**PROVIDED DATA**

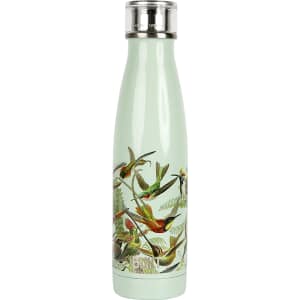 Built V&A 500ml Double Walled Stainless Steel Water Bottle Hummingbird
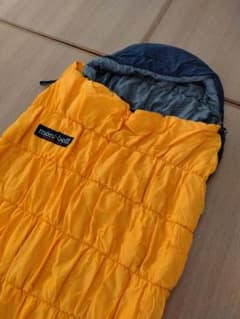 モンベル　スーパーストレッチバロウバック＃5　美品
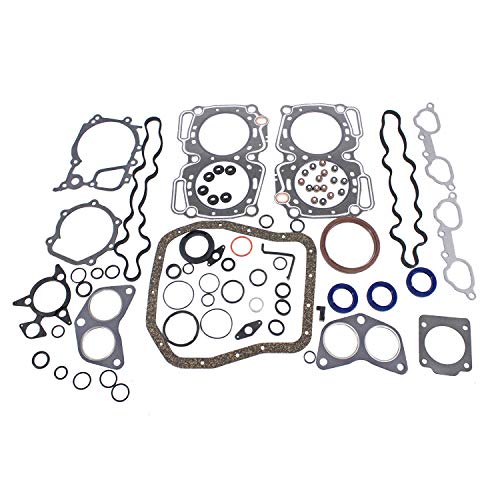 Dnj Fgs7008 Full Gasket Sealing Set For 1990-1998 Subaru Impreza, Legacy 2.2L Sohc H4 16V 2212Cc Ej22E, Ej22Ez #TOP17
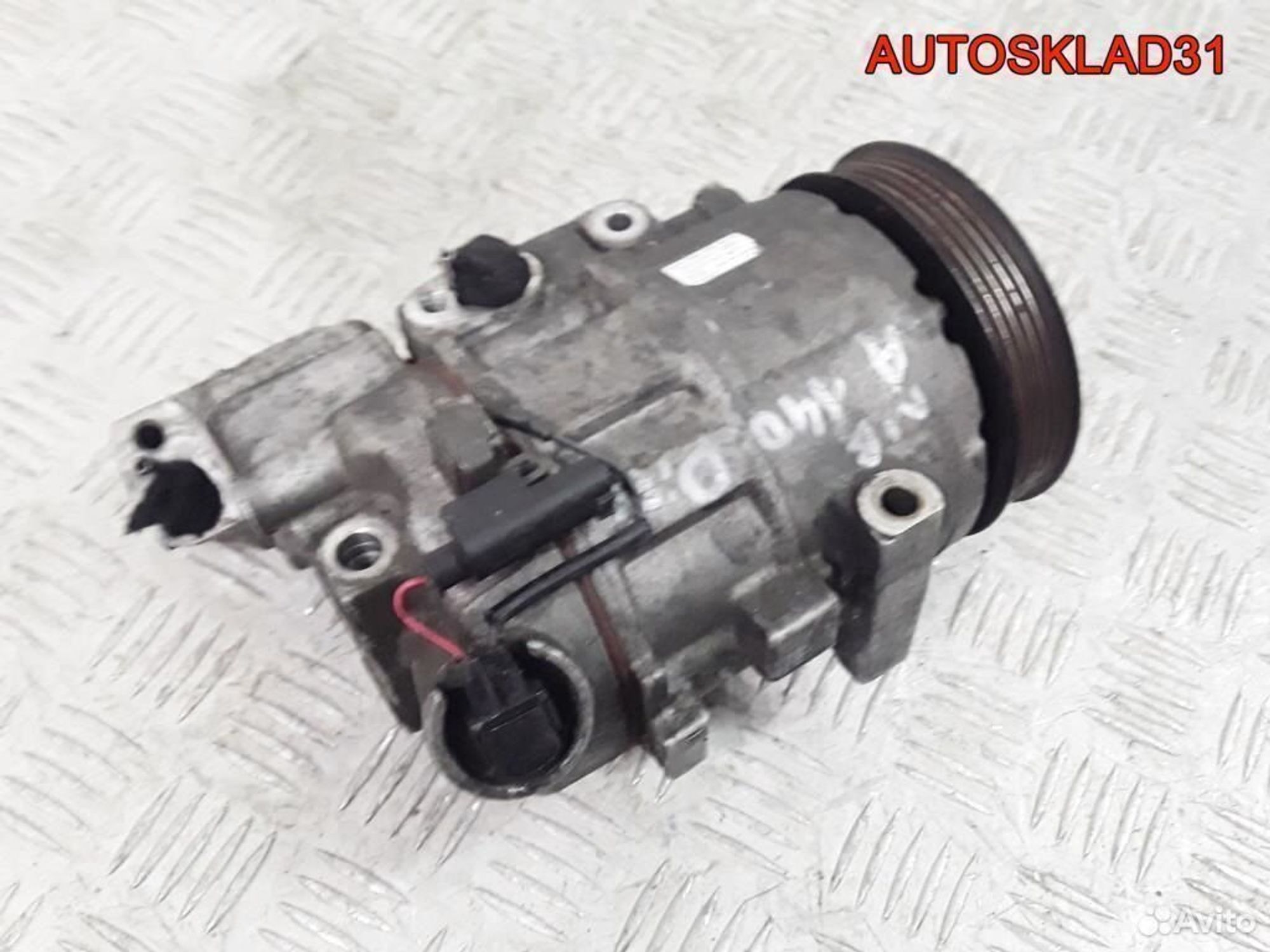 Компрессор кондиционера Mercedes W168 A0002309411, 8100 рублей, Дубовое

**WORK TO COMPLETE**
Extract exactly the lines above from the line containing "モンベル　スーパーストレッチバロウバック＃5　美品" through the last one, both ends included, but not the pictures.

**RESPONSE BOX**
 モンベル　スーパーストレッチバロウバック＃5　美品
 Dnj Fgs7008 Full Gasket Sealing Set For 1990-1998 Subaru Impreza, Legacy 2.2L Sohc H4 16V 2212Cc Ej22E, Ej22Ez #TOP17
 Компрессор кондиционера Mercedes W168 A0002309411, 8100 рублей, Дубовое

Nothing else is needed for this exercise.